Mais pra diante convivi com a frase: “falta combinar com os russos!”, bastante utilizada por alguns políticos para explicarem que um plano pode ou dará certo se a outra parte envolvida, por vezes adversária, também topar embarcar nas elucubrações. Essa expressão facilmente deve estar associada aos aspectos de guerras descritos acima.

Entre dificuldades e combinações, em outubro do ano passado conhecemos uma enóloga russa numa visita que fizemos à vinícola Pingus – uma joia rara de Ribera del Duero sob indicação da Mistral. A conversa, concentrada na produção da casa e que um dia descreverei aqui, logo derivou para o planeta vinho. E tão curiosa quanto nossa anfitriã se mostrou pelos vinhos do Brasil nós nos mostramos em relação ao que se fabrica no Leste Europeu. E ela nos falou bem demais dos vinhos ucranianos e disse que na Rússia a qualidade da bebida está aumentando. Desde então fiquei curioso.

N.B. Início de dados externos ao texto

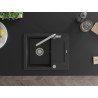 Mexen Enzo granite kitchen sink 1-bowl with drainer and Flora kitchen faucet, black/silver metallic - 6506-73-670401-00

Pois a ida de um grande amigo para São Petersburgo representou chance rara de, inconvenientemente, lhe fazer uma encomenda. Obviamente queria um vinho. E em telefonema de duas semanas atrás soube que ele havia atendido ao pedido. “Temos um vinho russo pra provar, mas não me peça pra dizer o que está escrito no rótulo”. Perfeito! Ou melhor: arriscado!

Claro que o gesto da lembrança, a compra e o transporte são maravilhosos. Mas e o vinho? E mais: e o vinho comprado por um colega de empresa que não sabíamos se tinha intimidade com a bebida? As pesquisas sobre vinho russo me desanimaram bastante. O país é conhecido pela produção de percentuais imensos de uma bebida bem doce e de fácil consumo. Não é disso que gostamos. A esperança estava nos 20% restantes e num aprimoramento expressivo nos últimos anos. E foi o que encontramos em nossa experiência. Um vinho que, na Rússia, custou o equivalente a R$ 50 e se mostrou muito correto. Bom, e com intensidade precisa, simpáticos aromas etc. Lembrou, pelo preço e pela qualidade, os vinhos de Santa Catarina, aqueles tintos honestíssimos que estão merecendo um post aqui faz tempo. Aprovado! Sobretudo com um queijo de cabra bem curado. Aí sim: maravilha!

Vinho russo

Mas para além do caráter exótico da empreitada outro desafio se mostrou presente. Ler o rótulo e entender o que bebemos. Comprado no país de origem NADA era legível para além da safra 2014, dos 750 ML e dos 13,5% de grau alcoólico. Nada! Mas isso quem resolveu não foi meu amigo, e sim a tecnologia. Um aplicativo que fotografa textos e os traduz – o Translate Photo Free. Pronto! Sabemos que ali tinham algumas uvas, uma delas a Cabernet Sauvignon, e outros três tipos locais, dentre elas a Tsimlyanskiy Cherniy e a Krasnostop Zolotovskiy – que podem até ser algo parecido de nomes mais conhecidos, mas são chamadas de variedades únicas do Don, o rio da região de Rostov. Também descobrimos a vinícola, e foi possível chegar ao site da casa: Vedernikov Wines, um pouco desatualizado e sem essa safra e blend descrito no nosso rótulo. Na verdade, parece que falta uma quarta cepa. Mas paciência. Atingimos o objetivo! A despeito das dificuldades e cumprindo as combinações. Vache zdoróvie! (à sua saúde!)